The request for an extension period of 14 days, lasting April 1, was granted by Speaker Muturi to allow the committee to conclude. But even as he granted the extension, Speaker Muturi directed that the House will proceed to debate the Bill on April 1, 2021 with or without the report.
However, the suspension of parliamentary sittings early this week from April 1 to April 29, in a bid to check the upsurge of the Covid-19 cases, may have complicated matters for the BBI Bill.
Before parliamentary sittings were adjourned, there was a prospect of having a referendum in June this year. However, Mr Wandayi says that the country cannot afford to lose any single day in the “crucial” BBI journey through procrastination.
“The Covid-19 pandemic is, apparently, here to stay.
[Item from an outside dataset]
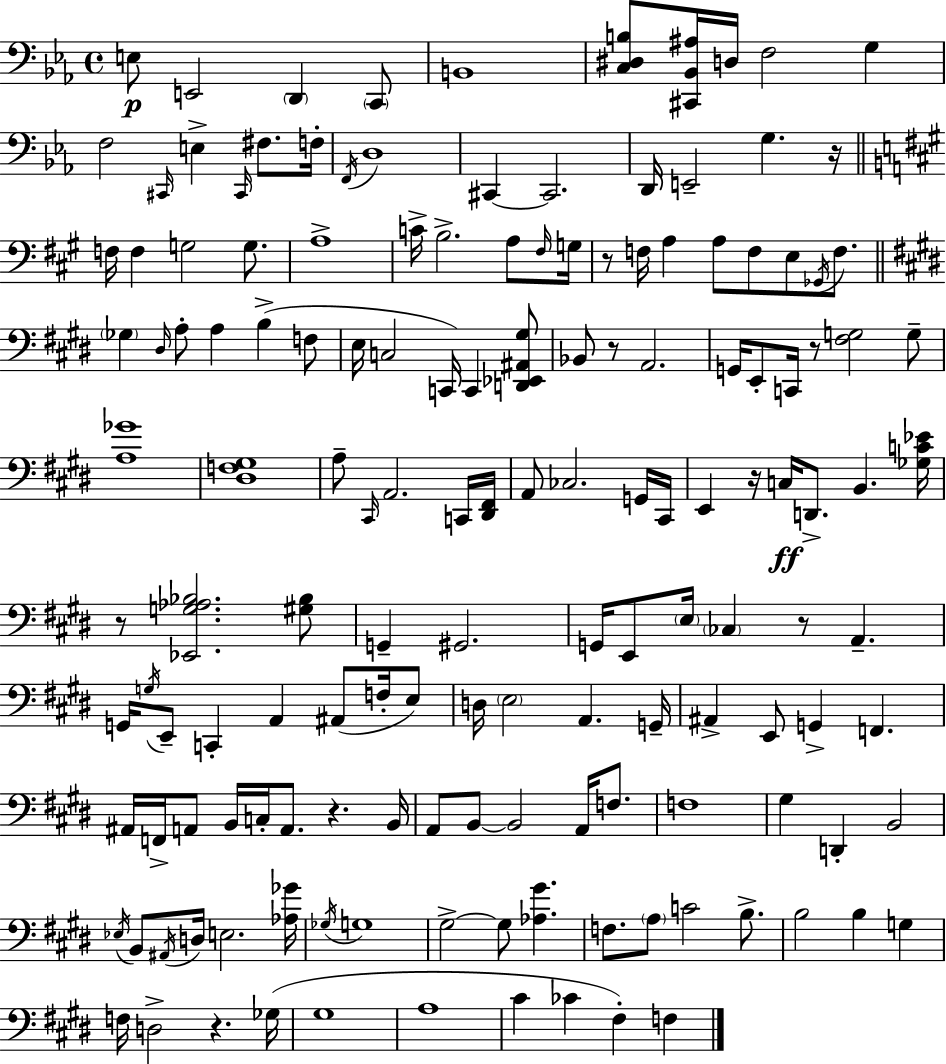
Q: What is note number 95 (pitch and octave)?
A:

We must learn to live with it,” he says.
“It is for this reason that I wish to persuade the majority and minority leadership in the National Assembly and Senate to petition the respective Speakers to convene a special sitting of the two Houses to deal with this Bill.”
Standing Order 29 of the National Assembly provides that whenever a House stands adjourned during a session, the Speaker may, on the request of the leader of majority or leader of minority, appoint a day for a special sitting.
As MPs debated the adjournment motion on Tuesday, Speaker Muturi reminded them that if a critical matter of national importance crops up during the period the sittings have been suspended, the MPs will be recalled to deal with it.
Among the issues floated by the MPs which may require the House to be recalled include the passage of two revenue Bills - the Division of Revenue Bill (DoRB) and the County Allocation of Revenue Bill (CARB).
The two revenue Bills have timelines within which they are required to be passed as provided for under the Public Finance Management (PFM) Act.
For instance, DoRB, which has already been passed in the National Assembly, requires the concurrence of the Senate. The Bill is required to have been enacted by April 30, the time within which the estimates for the national government are to be tabled in the National Assembly.
CARB cannot also be considered by the Senate until DoRB has been enacted.
Yesterday, Mr Wandayi noted that the BBI Bill should be considered irrespective of the outcome of the “never-ending deliberations of the joint committee.”
“If the Committee is unable to generate one, it can as well just table the materials it has received from the public during its public hearings in the form of memoranda, petitions, reports and representations, among others,” he said.
The roadmap for the amendment of the Constitution through a popular initiative is provided for under Article 257 of the constitution.
This means that the two major stages remaining are a vote on the Bill in Parliament and the people’s verdict at the referendum.